Doctor of Philosophy

First Advisor

Elizabeth H Hageman

Abstract

This dissertation argues that seventeenth-century drama by women should be analyzed as a public discursive practice rather than as privatized "closet drama." This study focuses on class in order to delineate the texts' participation in public modes of representation and offers post-marxist readings as an alternative to the gynocritical/biographical model that dominates criticism on literature by women of the early modern period.

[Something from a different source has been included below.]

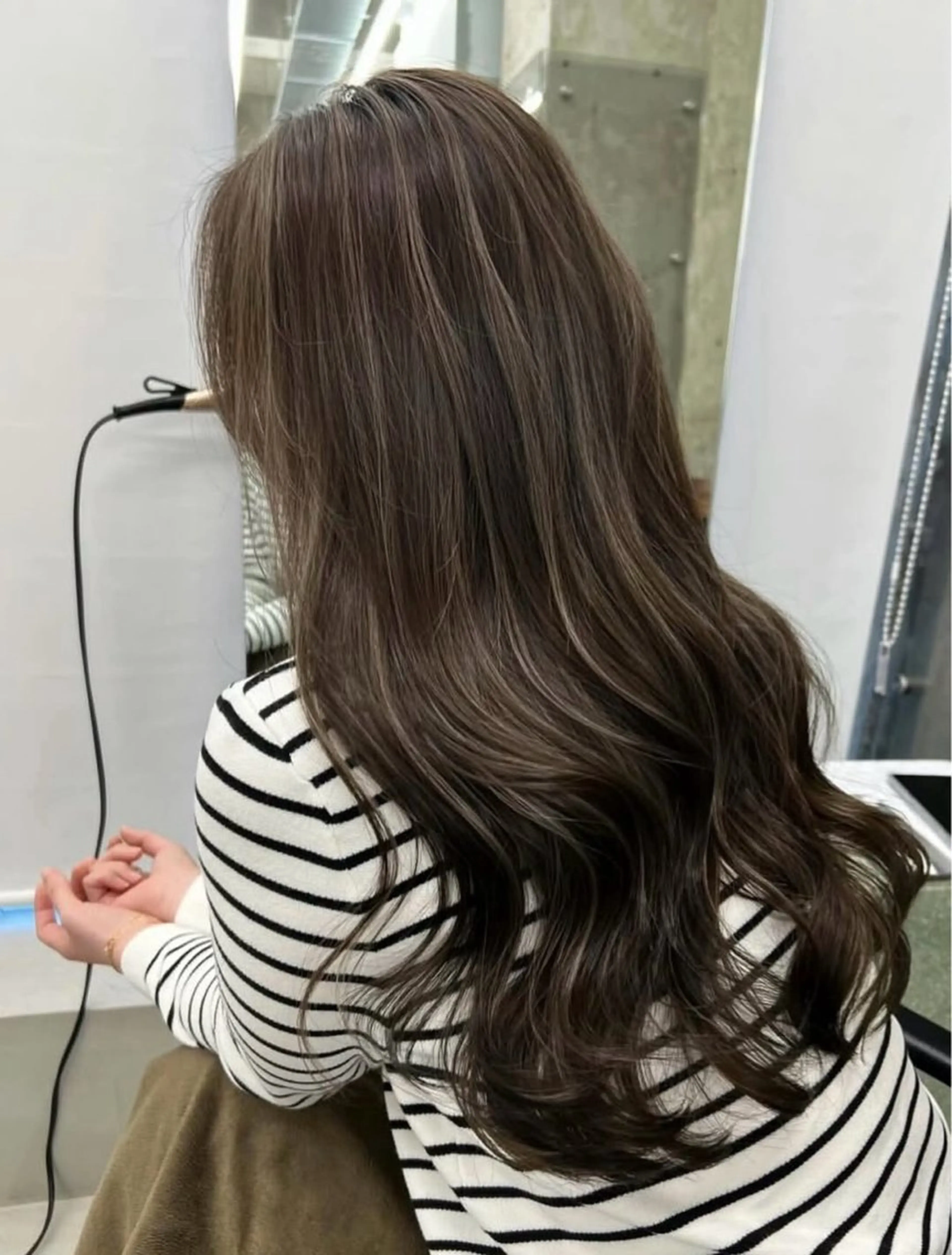 ミディアム カラー ハイライトカラー ハイライト FILMS / yuuna 🦢🫗のヘアスタイル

Chapter one of this dissertation problematizes separate spheres ideology, lest texts by women become separated from the economic sites that inform them. I consider the ideological importance of generic conventions, arguing that conventions of tragedy and comedy are often naturalized into signifiers of female characters' resistance to patriarchal socio-economic conscription. I link the ideas of homology and symbolic capital, both of which serve as a means of articulating the function of class in a study of women's texts. Part one of the dissertation, "Class Difference," considers two dramatic texts by aristocratic women: Mary Wroth's Loves Victory in chapter two and Margaret Cavendish's The Lady Contemplation in chapter three. Both texts strategically pit against each other two characters at opposite ends of the social spectrum. This mode of creating privilege---excluding a lower-class other---in turn constitutes a classed position for the author-functions of the texts. Part two, "Class Consciousness," considers the flip-side. of the notion of difference by focusing on which classed concerns might produce certain representational choices. Chapter four, which treats Elizabeth Cary's Tragedie of Mariam, considers the material bases of the text's ideological investment in its title character's status as symbolic capital by stressing the discursive saliency in the text of the connections among chastity, class, speech, and publicity. Chapter five extends this mode of reading for class by analyzing four restoration comedies---Fances Boothby's Marcelia , and Aphra Behn's The Rover, Parts I and II and The feign'd Curtizans,---each of which notes the role of money in determining a gendered class identity. The availability of both women and money reified as the same circulating object guarantees the (inferior) economic place of the woman within a male economy.